The move was designed to ease an acute shortage facing video gamers and highlights the booming demand from cryptocurrency enthusiasts as prices spiked this year.
Nvidia said it was deliberately limiting the capabilities of its most popular video gaming cards to make them less useful for performing the calculations needed to validate transactions on the ethereum network.
Known as mining, this involves solving a complex problem in return for fractions of a token — something that has become increasingly attractive as prices of ether, the tokens used on the network, have soared.
Nvidia’s graphics processing units, or GPUs, were first designed to handle the demands of rendering video images in real time, a challenge given the large amount of data that needs to be processed simultaneously. The same technology has since been adapted to become the workhouse of artificial intelligence, one of the most data-intensive computing tasks, as well as crypto mining.
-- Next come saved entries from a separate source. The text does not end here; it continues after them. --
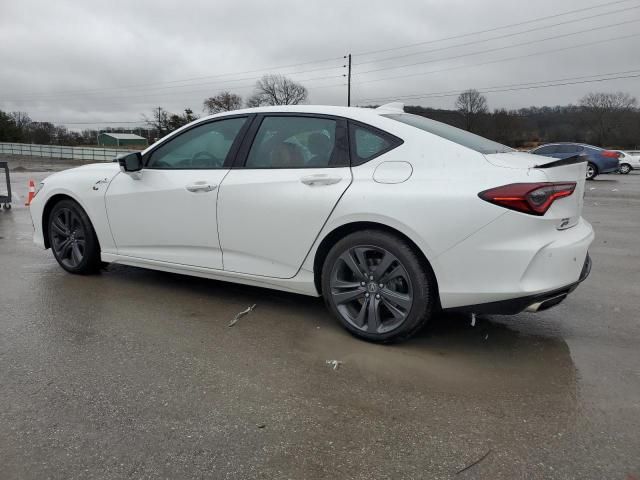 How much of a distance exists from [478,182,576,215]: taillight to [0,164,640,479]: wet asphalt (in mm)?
969

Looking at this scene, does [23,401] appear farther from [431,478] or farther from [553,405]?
[553,405]

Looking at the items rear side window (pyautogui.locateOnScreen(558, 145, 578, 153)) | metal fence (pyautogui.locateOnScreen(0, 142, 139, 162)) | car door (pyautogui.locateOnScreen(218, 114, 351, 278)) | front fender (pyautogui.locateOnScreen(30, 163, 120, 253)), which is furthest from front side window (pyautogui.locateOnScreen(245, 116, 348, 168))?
metal fence (pyautogui.locateOnScreen(0, 142, 139, 162))

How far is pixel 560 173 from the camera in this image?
3.08 meters

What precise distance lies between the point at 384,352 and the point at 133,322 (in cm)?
187

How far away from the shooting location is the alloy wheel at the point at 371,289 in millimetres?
3262

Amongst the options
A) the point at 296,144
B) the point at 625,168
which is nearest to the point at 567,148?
the point at 625,168

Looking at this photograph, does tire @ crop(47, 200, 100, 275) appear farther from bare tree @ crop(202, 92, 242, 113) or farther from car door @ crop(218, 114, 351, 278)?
bare tree @ crop(202, 92, 242, 113)

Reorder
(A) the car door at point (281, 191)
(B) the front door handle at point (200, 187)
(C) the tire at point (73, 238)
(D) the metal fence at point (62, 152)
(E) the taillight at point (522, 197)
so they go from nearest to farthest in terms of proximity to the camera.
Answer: (E) the taillight at point (522, 197) → (A) the car door at point (281, 191) → (B) the front door handle at point (200, 187) → (C) the tire at point (73, 238) → (D) the metal fence at point (62, 152)

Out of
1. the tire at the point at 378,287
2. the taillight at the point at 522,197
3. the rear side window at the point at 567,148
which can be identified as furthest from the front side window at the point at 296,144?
the rear side window at the point at 567,148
Despite leading to a surge in growth and profits, the crypto demand has created a problem for Nvidia because many of the most-dedicated video gamers who long made up its core customer base have been unable to buy the newest graphics cards.
Nvidia’s earnings have also become increasingly tied to the huge swings in cryptocurrency markets, resulting in a boom and bust when crypto price fell back from their last spike in 2018.
Limiting the use of graphics cards could also help push more crypto aficionados into buying a new family of chips that Nvidia launched earlier this year, known as Cryptocurrency Mining Processors.
Video gaming cards can be more easily adapted for mining ether than bitcoin, with the ethereum network accounting for about 90 per cent of crypto rewards that can be won using repurposed GPUs, according to Nvidia.
Nvidia faces a challenge in preventing crypto miners from using its gaming cards without pushing them away from GPUs altogether, said Patrick Moorhead, an analyst at Moor Insights & Strategy. Its handling of the shortfall so far suggests it has struck the right balance, he added.
Tom’s Hardware guide, which recently put different graphics cards through their paces, judged Nvidia’s RTX 3080 and 3090 the best “by quite a large margin” for mining tokens on ethereum. The price of the tokens soared nearly sixfold since the start of the year before a recent pull back, putting a total value of nearly $400bn on the total supply of the currency, or half that of bitcoin.
The company first acted earlier this year to limit the capacity of one of its cards, the RTX 3060. On Tuesday it said it was also limiting the latest 3080 and 3070 cards, which are aimed at the most serious gamers, as well as the latest version of the 3060.